** Entries supplied follows **

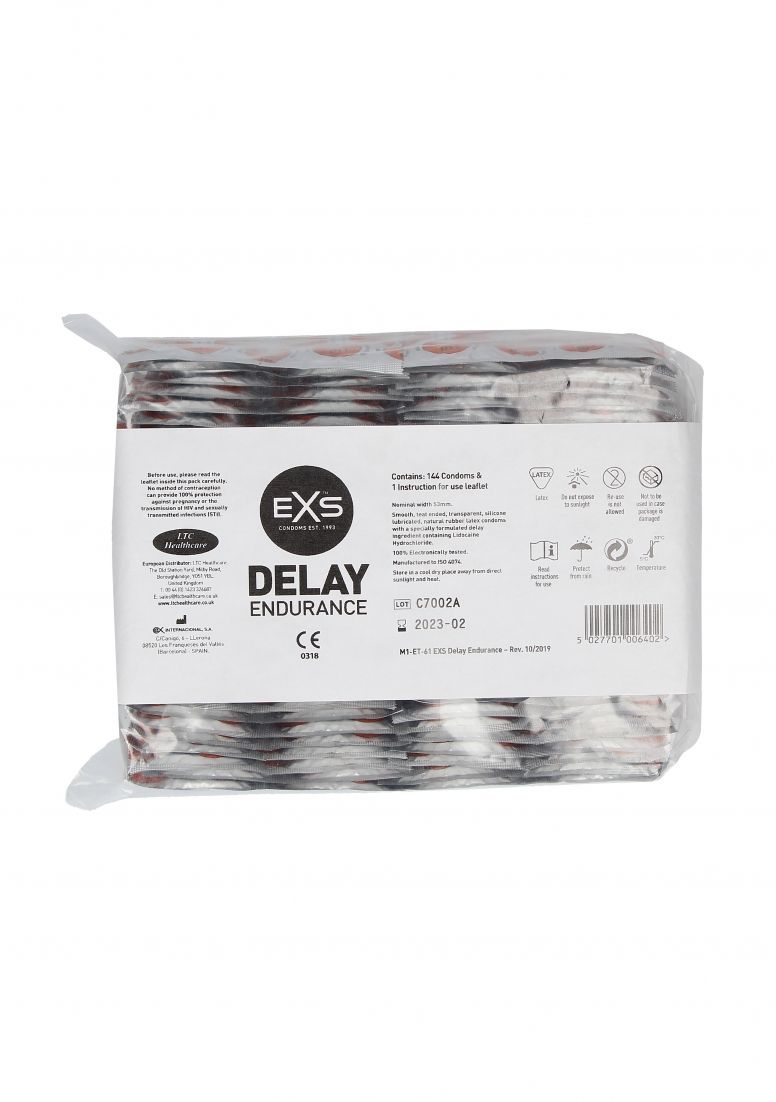 EXS Delay - Condoms - 144 Pieces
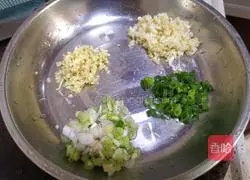 Recipe for radish, enoki mushrooms and shrimp stew 6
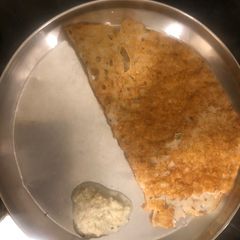 A picture of Rava Dosa.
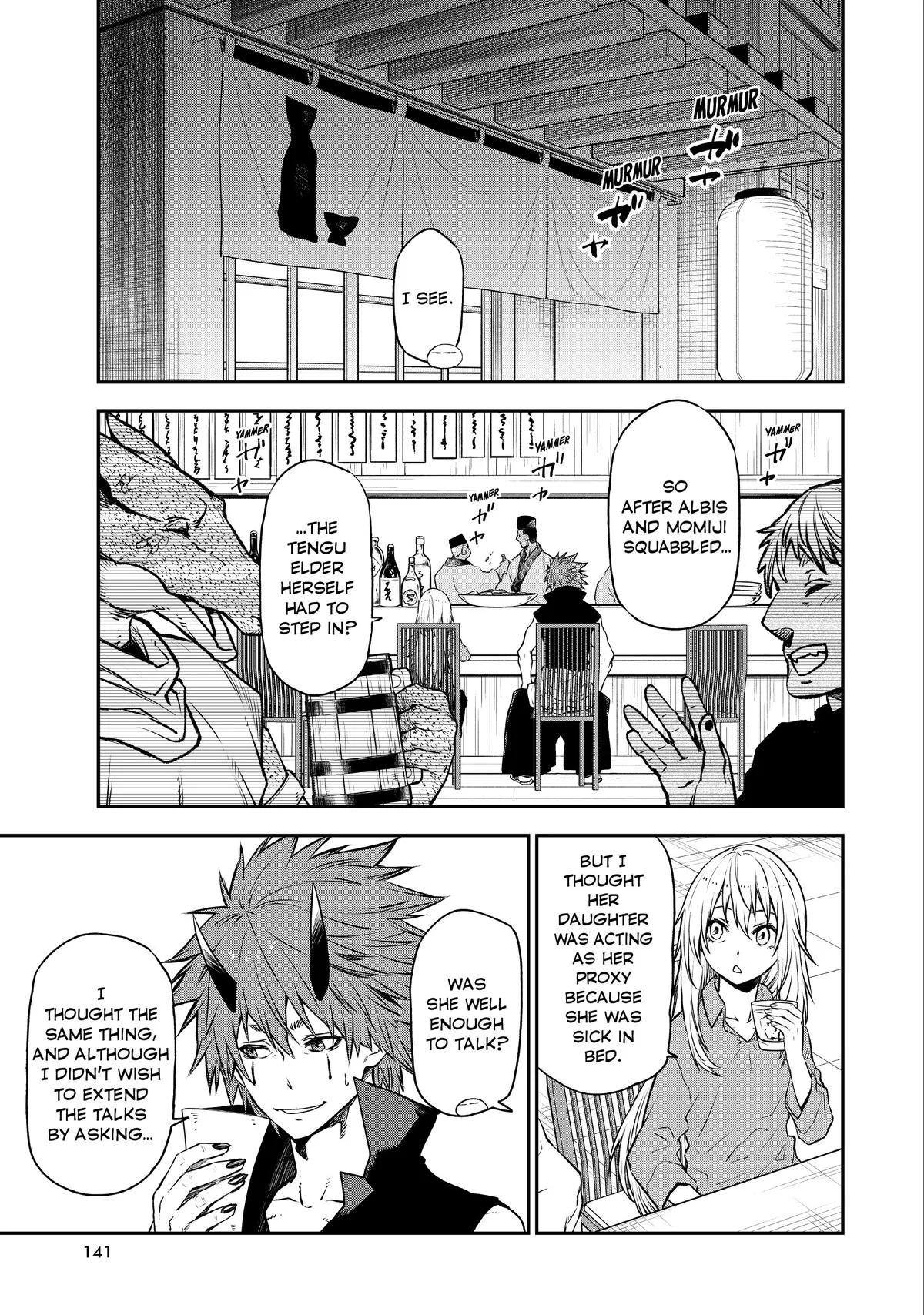 That Time I Got Reincarnated as a Slime - Chapter 105 - Page 1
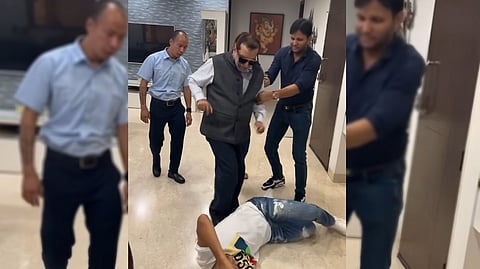 Screengrab from a video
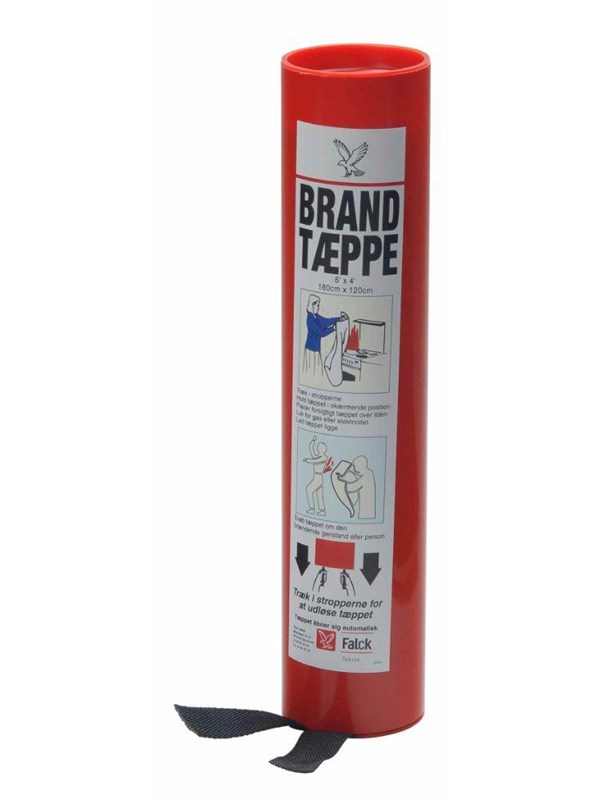 Falck Teknik Falck fire blanket in tube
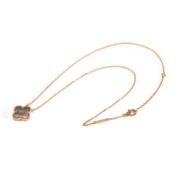 Pre-owned Rose Gold necklaces Van Cleef & Arpels Pre-owned , Pink , Da...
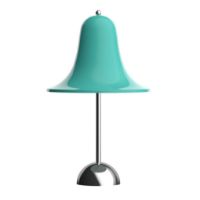 Bild von Verpan Pantop Tragbare Lampe Ø: 18 cm - Metall/Hellblaugrün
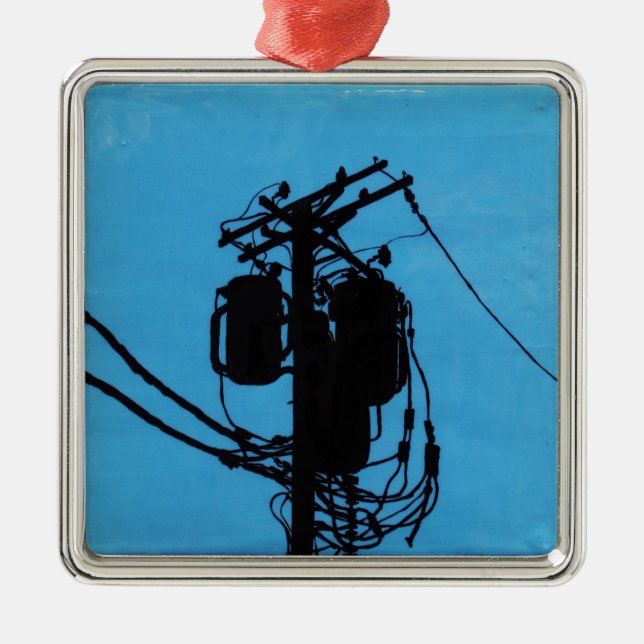 En Métal Ornement urbain de sentinelle (Devant)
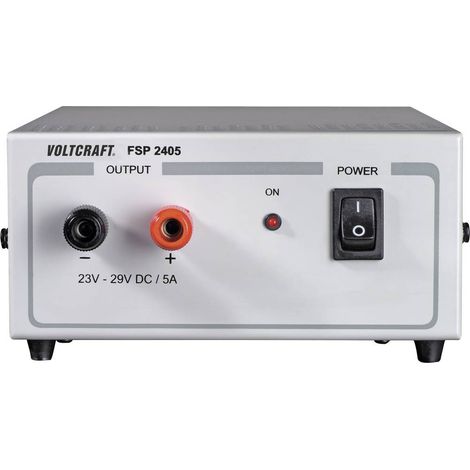 Alimentation de laboratoire à tension fixe VOLTCRAFT FSP 2405 23 - 29 5 A 145 W Nbr. de sorties 1 x (1/2)
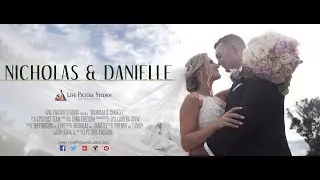 Danielle and Nick Wedding Highlight at Fiddler’s Elbow Country Club, NJ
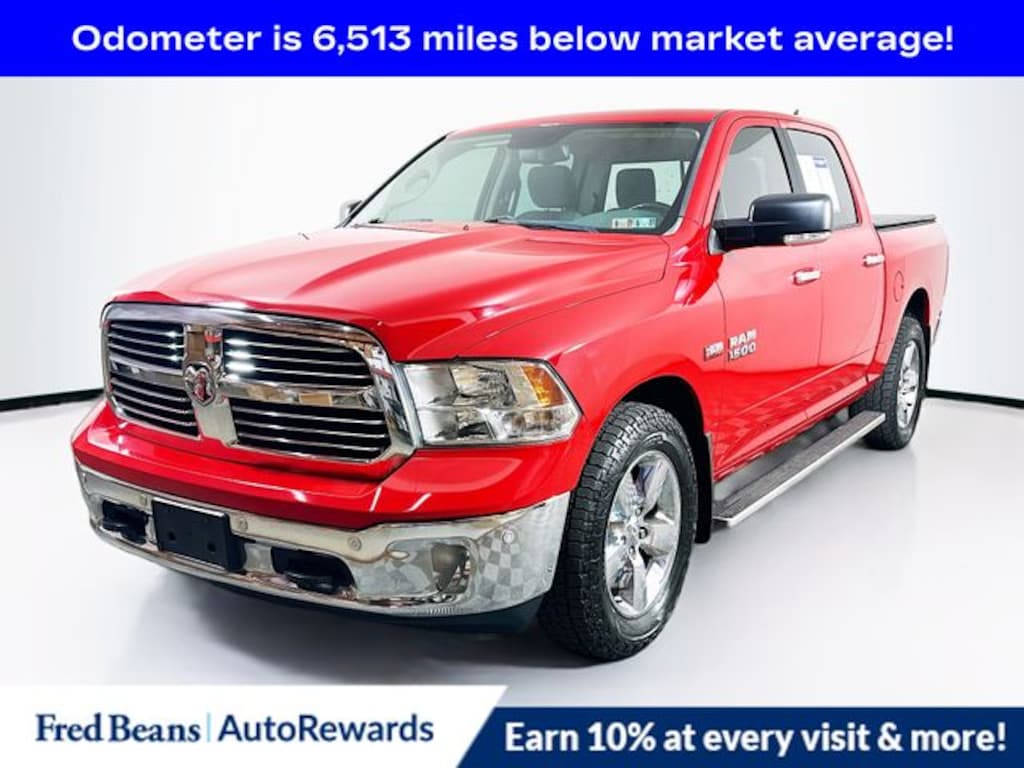 Used 2015 Ram 1500 Big Horn Truck Crew Cab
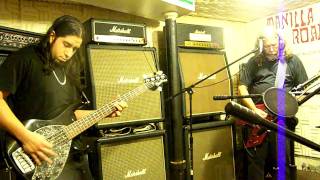 manilla road : The trio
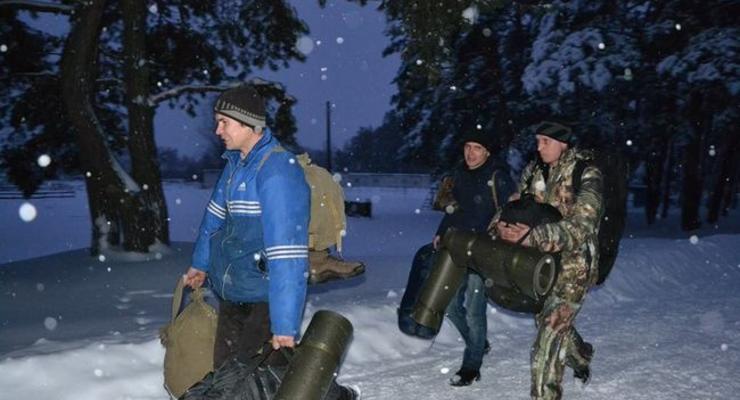 Военное положение: в Украине стартуют сборы резервистов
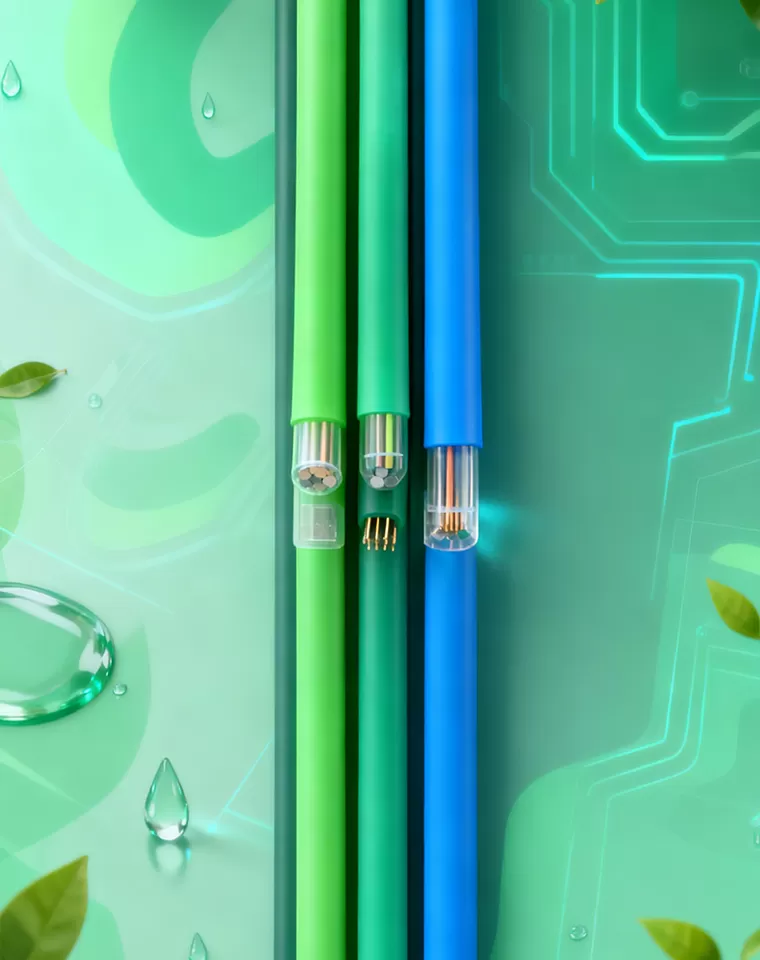 Зеленый дизайн продукта & материальное нововведение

** End of Entries supplied **

What is expected
Please copy exactly the lines from the one containing "Used 2015 Ram 1500 Big Horn Truck Crew Cab" through the last line of the records, both ends included, and leave out any pictures.

Solution to the exercise
 Used 2015 Ram 1500 Big Horn Truck Crew Cab
 manilla road : The trio
 Военное положение: в Украине стартуют сборы резервистов
 Зеленый дизайн продукта & материальное нововведение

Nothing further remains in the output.